◆ Data extract

Segment Open

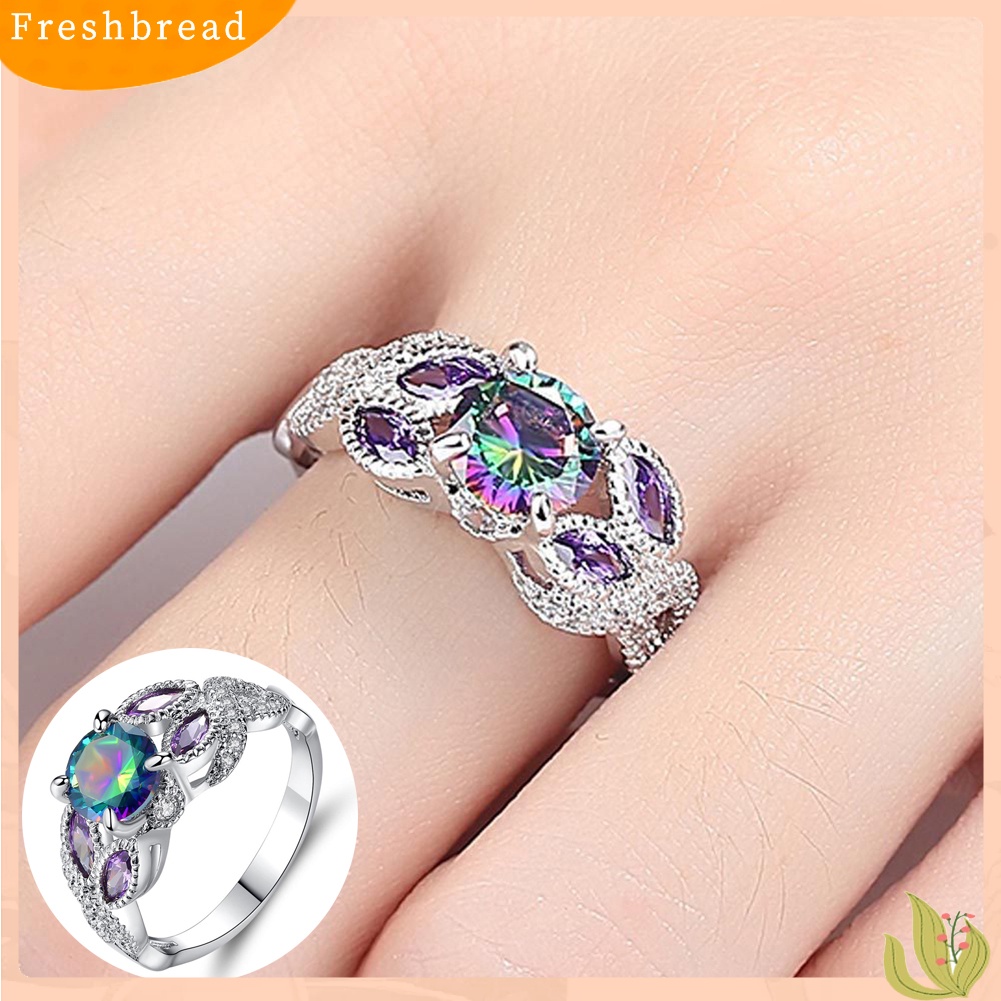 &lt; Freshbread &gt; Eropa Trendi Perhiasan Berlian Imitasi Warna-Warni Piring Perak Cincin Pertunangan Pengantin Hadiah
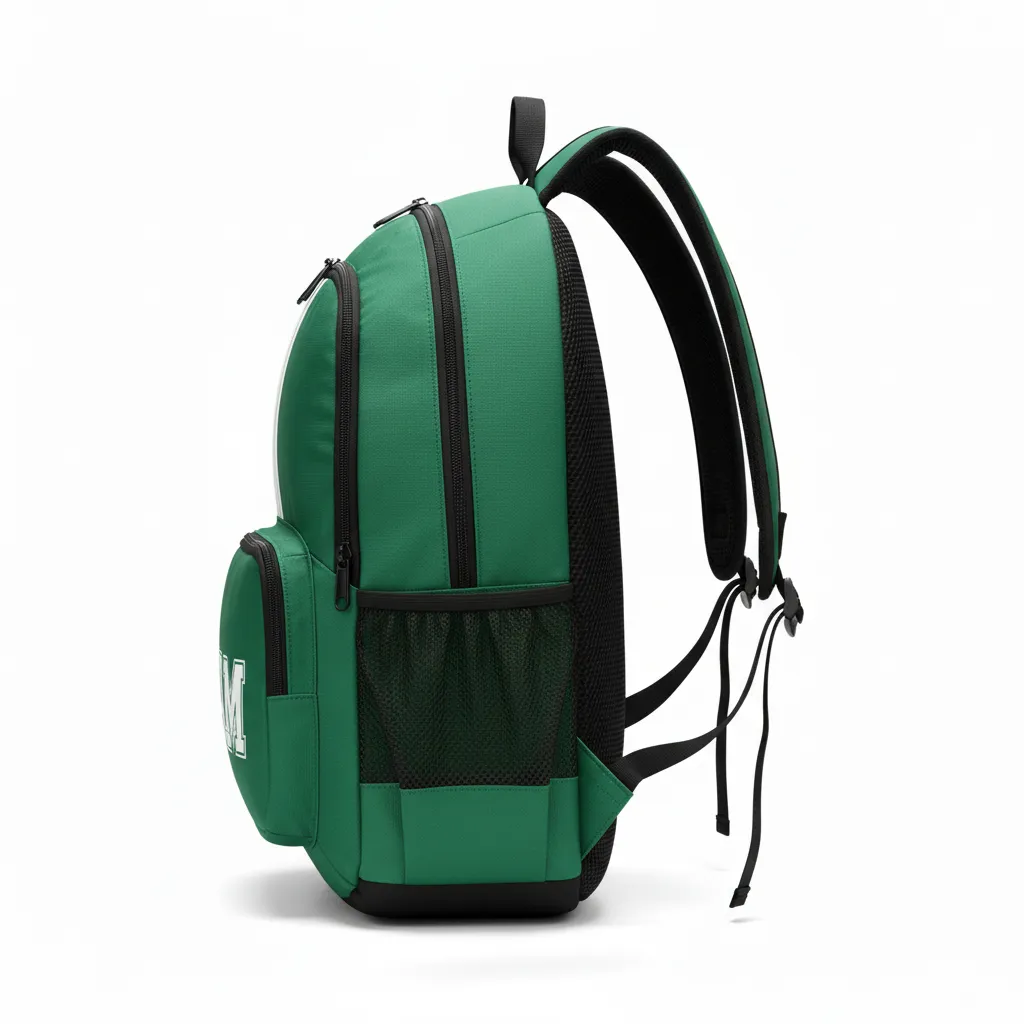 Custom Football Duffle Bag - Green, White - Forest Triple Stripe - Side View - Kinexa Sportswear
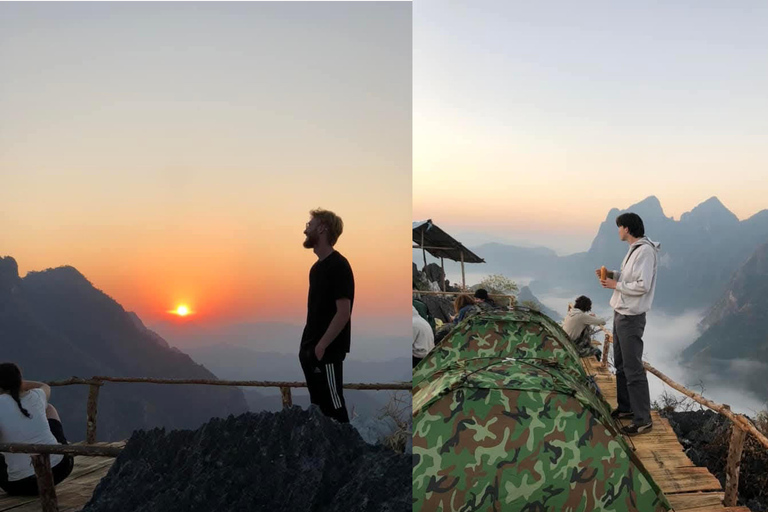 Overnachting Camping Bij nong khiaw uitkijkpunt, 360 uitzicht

Segment Closed

◆ Exercise requirements
Without the pictures, copy the material exactly as given.

◆ Response
 &lt; Freshbread &gt; Eropa Trendi Perhiasan Berlian Imitasi Warna-Warni Piring Perak Cincin Pertunangan Pengantin Hadiah
 Custom Football Duffle Bag - Green, White - Forest Triple Stripe - Side View - Kinexa Sportswear
 Overnachting Camping Bij nong khiaw uitkijkpunt, 360 uitzicht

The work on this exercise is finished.